Top of Supplied data

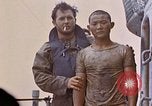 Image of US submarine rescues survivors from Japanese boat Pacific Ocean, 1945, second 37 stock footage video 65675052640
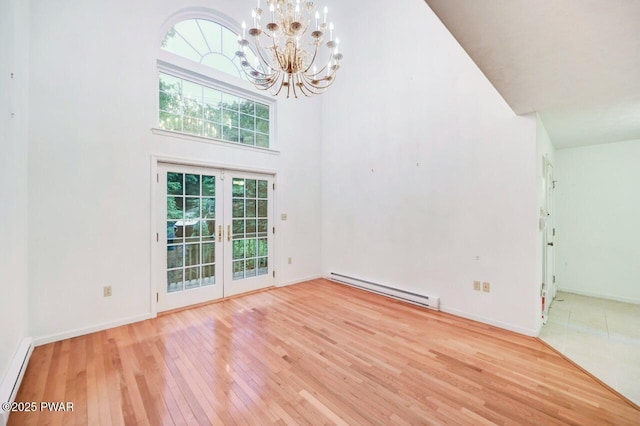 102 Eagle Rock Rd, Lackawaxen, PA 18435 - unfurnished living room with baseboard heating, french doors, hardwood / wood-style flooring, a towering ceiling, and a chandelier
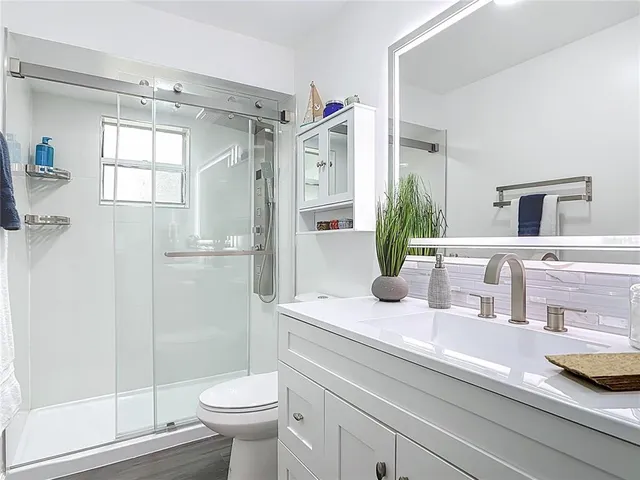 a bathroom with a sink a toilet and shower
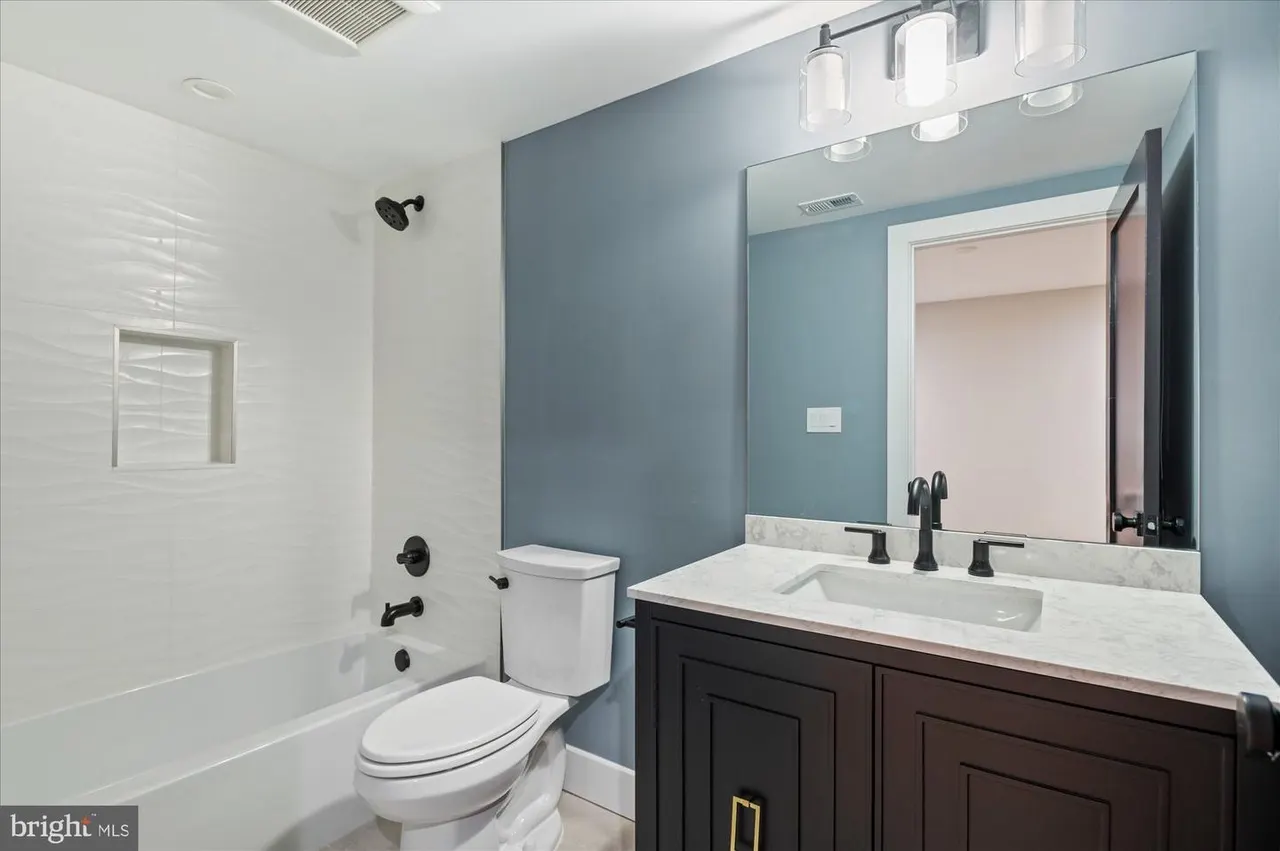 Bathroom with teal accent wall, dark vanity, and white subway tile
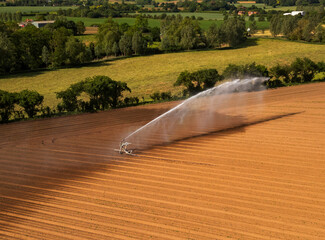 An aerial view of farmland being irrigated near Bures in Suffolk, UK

Bottom of Supplied data
Top of Supplied data

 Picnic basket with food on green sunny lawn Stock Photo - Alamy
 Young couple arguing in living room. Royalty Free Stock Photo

Bottom of Supplied data

▶ [Aim of the exercise] For every line of the data above that contains "Photo", copy that line.

▶ [Answer to this task]
 Picnic basket with food on green sunny lawn Stock Photo - Alamy
 Young couple arguing in living room. Royalty Free Stock Photo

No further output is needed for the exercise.